My plan was falling in place, except for one last hurdle -- I needed the school district to pay Katie’s tuition. I knew it wouldn’t be easy. I had heard stories about long, expensive battles between school districts and parents. I was about to hire a lawyer, and send him a retainer check, when someone advised me, “Talk to the district first.”
I wrote a letter to the director of pupil services, telling her about Katie’s challenges and why Willow Hill was better equipped to meet them. I thanked her for the support they had given Katie, but explained that Katie’s social needs were too great for the school to manage. The director responded immediately, saying, “You can discuss Katie’s placement at your upcoming IEP accommodations meeting.”
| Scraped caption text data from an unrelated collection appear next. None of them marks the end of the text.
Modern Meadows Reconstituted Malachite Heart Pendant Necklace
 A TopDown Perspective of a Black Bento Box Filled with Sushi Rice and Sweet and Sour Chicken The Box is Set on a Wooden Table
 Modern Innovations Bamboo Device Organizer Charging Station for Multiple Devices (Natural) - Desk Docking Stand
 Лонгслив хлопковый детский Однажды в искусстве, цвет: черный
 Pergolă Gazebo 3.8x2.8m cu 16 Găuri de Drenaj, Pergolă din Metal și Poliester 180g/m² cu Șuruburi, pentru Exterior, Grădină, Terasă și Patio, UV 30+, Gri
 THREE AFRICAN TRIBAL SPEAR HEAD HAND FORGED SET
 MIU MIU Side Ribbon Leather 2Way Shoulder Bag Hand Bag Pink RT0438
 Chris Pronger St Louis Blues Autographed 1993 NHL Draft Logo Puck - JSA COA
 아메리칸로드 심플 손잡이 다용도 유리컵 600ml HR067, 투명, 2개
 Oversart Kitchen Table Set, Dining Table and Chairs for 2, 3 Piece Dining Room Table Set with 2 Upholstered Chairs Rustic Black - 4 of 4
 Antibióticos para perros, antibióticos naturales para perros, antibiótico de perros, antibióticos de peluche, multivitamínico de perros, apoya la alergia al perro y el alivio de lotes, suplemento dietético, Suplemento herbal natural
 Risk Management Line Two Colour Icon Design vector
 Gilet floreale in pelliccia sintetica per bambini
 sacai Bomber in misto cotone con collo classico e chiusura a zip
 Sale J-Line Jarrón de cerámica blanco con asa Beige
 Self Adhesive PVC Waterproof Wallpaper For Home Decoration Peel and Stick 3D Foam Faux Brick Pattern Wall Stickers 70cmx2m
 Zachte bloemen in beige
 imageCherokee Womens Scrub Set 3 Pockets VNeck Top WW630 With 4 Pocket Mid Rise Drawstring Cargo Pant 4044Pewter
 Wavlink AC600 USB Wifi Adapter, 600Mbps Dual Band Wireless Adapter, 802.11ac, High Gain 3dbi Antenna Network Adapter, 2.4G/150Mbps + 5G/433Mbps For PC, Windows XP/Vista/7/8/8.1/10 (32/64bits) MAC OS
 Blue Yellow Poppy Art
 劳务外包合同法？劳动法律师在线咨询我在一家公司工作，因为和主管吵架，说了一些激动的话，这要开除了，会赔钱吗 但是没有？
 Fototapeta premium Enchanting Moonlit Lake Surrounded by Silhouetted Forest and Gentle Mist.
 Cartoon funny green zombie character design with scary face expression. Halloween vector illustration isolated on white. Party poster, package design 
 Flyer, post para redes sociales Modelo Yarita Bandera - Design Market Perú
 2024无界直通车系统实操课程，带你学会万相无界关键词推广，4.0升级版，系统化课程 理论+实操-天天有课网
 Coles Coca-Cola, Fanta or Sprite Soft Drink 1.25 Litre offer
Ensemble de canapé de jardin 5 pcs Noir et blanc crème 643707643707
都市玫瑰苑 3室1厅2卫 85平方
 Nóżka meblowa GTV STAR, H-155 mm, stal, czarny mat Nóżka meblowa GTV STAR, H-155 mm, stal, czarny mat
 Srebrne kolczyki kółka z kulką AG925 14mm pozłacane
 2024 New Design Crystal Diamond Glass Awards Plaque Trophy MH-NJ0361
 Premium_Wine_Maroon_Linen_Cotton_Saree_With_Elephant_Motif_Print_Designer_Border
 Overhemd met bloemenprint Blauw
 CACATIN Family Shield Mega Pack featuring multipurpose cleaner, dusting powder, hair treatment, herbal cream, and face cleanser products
That meant waiting. Every night I pored over the Willow Hill brochure. As I read about their students who went on to college, and the school’s “everybody makes the team” sports policy, I grew more excited. “Oh, God, please let Katie get in to this school,” I prayed. Willow Hill was more than a school; it seemed to promise my daughter a future.
One evening I woke up, panicked. “What if she doesn’t get in? What if she does get in, but I’m making the wrong decision?”
I turned on my iPod to help me relax. Kelly Clarkson’s “Breakaway” was the first song I heard. I hadn’t listened to the words before, until then: “Make a change, and break away.” As I listened to the song, I knew that Katie would get in to Willow Hill.
The next day Katie’s letter of acceptance arrived. I was ecstatic, but scared because I had to find a way to pay for it.
“I don’t care,” said my husband, Mike. “We’re sending her, one way or the other.”
“I don’t know how we can do that,” I said.
“What if we cut out the extras?”
“I don’t think food and heat are extras, Mike.”